By Daniel Hunter

Iceland's economy is on a path to recovery, but legacy vulnerabilities are weighing on growth, according to the International Monetary Fund (IMF).

GDP growth–which reached 2.9 percent in 2011–slowed to 1.6 percent in 2012 amid private sector deleveraging and weak external demand. Unemployment has continued to decline however, standing at 5.1 percent in May, down from a peak of 9.2 percent in September 2010.

Progress in lifting capital controls has been limited. Modest amounts of offshore krona have been released through the channels opened up by the authorities' liberalisation strategy. But the stock of liquid offshore krona remains high and could rise significantly as the estates of "old banks" are wound up.

Additional foreign exchange outflows could also arise from potential resident portfolio rebalancing as capital controls are lifted.

Inflation has come down to 3.3 percent in June from a peak of 18.6 in January 2009, but remains above the central bank's target of 2½ percent. The central bank responded by raising policy rates by a cumulative 125 basis points in 2012 before pausing in November. During the winter, the CBI also intervened in the foreign exchange market, reversing a depreciation that resulted from temporary factors but threatened to pass through to prices.

Fiscal consolidation is facing headwinds. On current trends, the 2013 budget deficit target will be missed owing to slower than projected growth, expenditure overruns, and lower-than-budgeted dividend payments and asset sales.

The existing target of a balanced budget in 2014 may also come under pressure from costly electoral promises–including those to lower taxes and to increase household debt relief–the financing for which remains uncertain. Medium-term fiscal adjustment relies in part on one-off or uncertain measures.

The condition of the banking system has improved, but legacy risks remain. Banks are well capitalised, liquid, and profitable. Non-performing loan ratios have also declined. But banks are still reliant on short-term funding and deposits captured by capital controls, and face continued loan valuation uncertainty. There has been progress with corporate and household debt restructuring, but the pace of resolving remaining cases has been slow. The Housing Financing Fund (HFF) is in a difficult financial position.

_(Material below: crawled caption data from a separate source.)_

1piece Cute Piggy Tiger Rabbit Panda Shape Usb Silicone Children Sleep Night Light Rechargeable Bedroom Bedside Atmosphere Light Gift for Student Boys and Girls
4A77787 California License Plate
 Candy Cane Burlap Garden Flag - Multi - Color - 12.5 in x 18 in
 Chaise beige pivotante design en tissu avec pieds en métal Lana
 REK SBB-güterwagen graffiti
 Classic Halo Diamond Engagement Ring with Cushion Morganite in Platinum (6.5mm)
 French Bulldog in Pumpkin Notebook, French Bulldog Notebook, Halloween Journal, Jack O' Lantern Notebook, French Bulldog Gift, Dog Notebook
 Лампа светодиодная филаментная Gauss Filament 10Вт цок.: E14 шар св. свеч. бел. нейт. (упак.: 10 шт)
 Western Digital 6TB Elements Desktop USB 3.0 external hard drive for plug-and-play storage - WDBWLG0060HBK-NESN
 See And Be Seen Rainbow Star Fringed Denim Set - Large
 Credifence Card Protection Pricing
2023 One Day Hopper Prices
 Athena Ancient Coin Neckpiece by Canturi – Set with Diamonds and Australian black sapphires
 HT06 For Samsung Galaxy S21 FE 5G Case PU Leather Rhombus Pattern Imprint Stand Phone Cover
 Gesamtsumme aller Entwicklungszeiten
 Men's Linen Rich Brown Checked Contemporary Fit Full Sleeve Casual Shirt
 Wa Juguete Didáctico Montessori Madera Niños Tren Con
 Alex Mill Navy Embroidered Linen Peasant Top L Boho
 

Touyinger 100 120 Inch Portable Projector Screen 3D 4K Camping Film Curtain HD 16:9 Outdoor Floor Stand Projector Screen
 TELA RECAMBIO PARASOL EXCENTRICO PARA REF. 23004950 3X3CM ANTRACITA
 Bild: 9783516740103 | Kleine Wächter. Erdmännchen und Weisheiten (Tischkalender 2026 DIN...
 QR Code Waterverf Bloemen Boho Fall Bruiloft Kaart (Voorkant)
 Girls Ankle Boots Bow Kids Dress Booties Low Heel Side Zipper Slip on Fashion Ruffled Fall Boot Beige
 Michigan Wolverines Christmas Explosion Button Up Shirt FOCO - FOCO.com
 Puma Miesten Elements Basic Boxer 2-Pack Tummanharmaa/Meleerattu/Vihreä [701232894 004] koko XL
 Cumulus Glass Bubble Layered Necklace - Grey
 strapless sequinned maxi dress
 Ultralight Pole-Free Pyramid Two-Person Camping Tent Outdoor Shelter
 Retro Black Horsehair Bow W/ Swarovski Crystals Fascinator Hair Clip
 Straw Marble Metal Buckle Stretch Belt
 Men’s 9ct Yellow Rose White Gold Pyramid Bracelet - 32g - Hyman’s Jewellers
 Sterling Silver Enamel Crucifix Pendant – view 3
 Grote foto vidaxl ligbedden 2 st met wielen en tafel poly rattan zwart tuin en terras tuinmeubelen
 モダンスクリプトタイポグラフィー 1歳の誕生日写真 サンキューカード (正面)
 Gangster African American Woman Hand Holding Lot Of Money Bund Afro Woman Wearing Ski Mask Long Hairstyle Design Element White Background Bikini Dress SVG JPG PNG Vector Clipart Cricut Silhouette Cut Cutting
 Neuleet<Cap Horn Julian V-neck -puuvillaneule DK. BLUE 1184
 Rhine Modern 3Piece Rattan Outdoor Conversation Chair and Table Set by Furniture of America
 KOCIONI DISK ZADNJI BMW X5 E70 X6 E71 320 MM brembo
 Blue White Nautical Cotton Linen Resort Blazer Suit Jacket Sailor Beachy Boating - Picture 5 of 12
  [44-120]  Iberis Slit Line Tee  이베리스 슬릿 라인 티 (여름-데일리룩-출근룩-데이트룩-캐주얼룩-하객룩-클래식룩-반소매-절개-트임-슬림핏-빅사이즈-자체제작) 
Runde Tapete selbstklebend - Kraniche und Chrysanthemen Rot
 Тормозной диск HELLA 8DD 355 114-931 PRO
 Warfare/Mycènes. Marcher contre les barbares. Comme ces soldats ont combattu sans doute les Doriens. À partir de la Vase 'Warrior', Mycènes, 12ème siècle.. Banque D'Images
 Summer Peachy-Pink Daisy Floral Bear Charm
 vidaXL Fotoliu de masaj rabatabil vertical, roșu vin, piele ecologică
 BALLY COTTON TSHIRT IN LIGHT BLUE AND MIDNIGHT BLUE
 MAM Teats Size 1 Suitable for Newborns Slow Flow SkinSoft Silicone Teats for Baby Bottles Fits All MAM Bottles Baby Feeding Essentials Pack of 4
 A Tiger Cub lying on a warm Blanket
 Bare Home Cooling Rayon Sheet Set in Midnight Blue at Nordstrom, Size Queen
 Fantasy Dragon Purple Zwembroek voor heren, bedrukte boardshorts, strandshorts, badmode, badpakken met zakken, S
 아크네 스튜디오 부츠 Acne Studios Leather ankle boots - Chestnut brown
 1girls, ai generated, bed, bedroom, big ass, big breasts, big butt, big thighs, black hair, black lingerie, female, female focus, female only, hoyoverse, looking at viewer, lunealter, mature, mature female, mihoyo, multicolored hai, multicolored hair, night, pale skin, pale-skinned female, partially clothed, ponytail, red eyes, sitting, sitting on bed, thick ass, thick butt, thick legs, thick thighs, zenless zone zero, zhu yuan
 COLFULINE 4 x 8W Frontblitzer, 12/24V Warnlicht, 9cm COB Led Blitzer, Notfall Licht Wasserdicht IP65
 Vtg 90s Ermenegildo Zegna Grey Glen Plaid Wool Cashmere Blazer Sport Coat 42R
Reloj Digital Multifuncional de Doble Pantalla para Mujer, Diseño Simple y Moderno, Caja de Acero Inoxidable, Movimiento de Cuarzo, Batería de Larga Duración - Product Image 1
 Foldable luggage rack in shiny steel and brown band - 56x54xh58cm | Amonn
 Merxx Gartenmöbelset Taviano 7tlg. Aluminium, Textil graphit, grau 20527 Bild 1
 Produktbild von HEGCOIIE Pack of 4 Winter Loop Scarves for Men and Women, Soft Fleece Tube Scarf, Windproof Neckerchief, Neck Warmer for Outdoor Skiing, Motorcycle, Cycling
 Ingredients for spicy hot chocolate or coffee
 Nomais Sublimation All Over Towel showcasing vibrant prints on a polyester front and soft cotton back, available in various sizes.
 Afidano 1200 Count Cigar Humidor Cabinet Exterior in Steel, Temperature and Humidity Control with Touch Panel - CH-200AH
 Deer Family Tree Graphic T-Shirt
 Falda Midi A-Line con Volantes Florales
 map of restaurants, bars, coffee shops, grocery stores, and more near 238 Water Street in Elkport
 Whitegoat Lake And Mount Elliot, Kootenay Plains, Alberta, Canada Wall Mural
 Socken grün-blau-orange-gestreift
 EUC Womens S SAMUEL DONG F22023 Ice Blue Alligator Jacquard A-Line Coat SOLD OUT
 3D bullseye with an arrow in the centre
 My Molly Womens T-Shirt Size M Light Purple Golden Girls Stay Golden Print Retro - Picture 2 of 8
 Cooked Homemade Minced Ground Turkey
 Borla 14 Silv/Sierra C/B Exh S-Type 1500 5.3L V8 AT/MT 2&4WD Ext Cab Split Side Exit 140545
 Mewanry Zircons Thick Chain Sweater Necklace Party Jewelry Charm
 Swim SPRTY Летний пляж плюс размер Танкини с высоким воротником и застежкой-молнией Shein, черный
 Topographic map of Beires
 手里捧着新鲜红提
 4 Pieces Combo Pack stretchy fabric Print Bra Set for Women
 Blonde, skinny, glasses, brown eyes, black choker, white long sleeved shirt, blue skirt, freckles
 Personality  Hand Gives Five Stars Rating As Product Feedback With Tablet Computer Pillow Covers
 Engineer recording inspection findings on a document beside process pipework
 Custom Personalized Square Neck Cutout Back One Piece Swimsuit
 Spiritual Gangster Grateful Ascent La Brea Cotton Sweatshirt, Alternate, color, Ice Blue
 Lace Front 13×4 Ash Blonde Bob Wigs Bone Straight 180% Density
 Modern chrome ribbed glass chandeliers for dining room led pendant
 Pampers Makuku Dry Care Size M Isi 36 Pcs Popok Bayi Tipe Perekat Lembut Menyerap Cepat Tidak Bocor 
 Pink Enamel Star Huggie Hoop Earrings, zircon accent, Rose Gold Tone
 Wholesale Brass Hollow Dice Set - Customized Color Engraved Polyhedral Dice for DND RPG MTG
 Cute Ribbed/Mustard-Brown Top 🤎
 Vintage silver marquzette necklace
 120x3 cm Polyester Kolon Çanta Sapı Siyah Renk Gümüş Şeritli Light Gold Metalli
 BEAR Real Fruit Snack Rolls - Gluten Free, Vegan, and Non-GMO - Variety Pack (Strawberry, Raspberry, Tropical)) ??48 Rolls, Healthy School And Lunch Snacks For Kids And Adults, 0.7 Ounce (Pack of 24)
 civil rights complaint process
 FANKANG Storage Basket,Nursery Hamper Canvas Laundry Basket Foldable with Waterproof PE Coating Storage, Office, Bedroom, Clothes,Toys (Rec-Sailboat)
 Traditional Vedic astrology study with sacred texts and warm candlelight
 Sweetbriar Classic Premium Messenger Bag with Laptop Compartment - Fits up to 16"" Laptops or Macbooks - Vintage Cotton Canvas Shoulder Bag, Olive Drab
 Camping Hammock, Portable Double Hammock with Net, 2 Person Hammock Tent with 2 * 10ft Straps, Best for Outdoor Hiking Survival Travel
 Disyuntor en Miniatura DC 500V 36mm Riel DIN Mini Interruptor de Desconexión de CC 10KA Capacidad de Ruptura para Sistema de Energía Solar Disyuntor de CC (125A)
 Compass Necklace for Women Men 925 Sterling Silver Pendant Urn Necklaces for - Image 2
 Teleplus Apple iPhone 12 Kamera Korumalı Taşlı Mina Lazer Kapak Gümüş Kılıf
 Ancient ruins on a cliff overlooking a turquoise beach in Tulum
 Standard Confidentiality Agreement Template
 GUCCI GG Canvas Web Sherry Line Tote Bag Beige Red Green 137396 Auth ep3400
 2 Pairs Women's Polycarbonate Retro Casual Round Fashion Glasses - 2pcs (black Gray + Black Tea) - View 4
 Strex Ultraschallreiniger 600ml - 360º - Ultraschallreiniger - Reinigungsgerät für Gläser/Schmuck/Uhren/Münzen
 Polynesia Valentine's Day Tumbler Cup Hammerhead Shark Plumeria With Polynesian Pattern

Reserves remain at comfortable levels, with the ratio of gross reserves to short-term debt projected to remain well above 100 percent over the medium term. The outlook is for modest growth, declining inflation, and improving fiscal and external position. However, downside risks prevail, including from disorderly or delayed capital account liberalisation, weaker fiscal consolidation, and possible adverse euro area developments.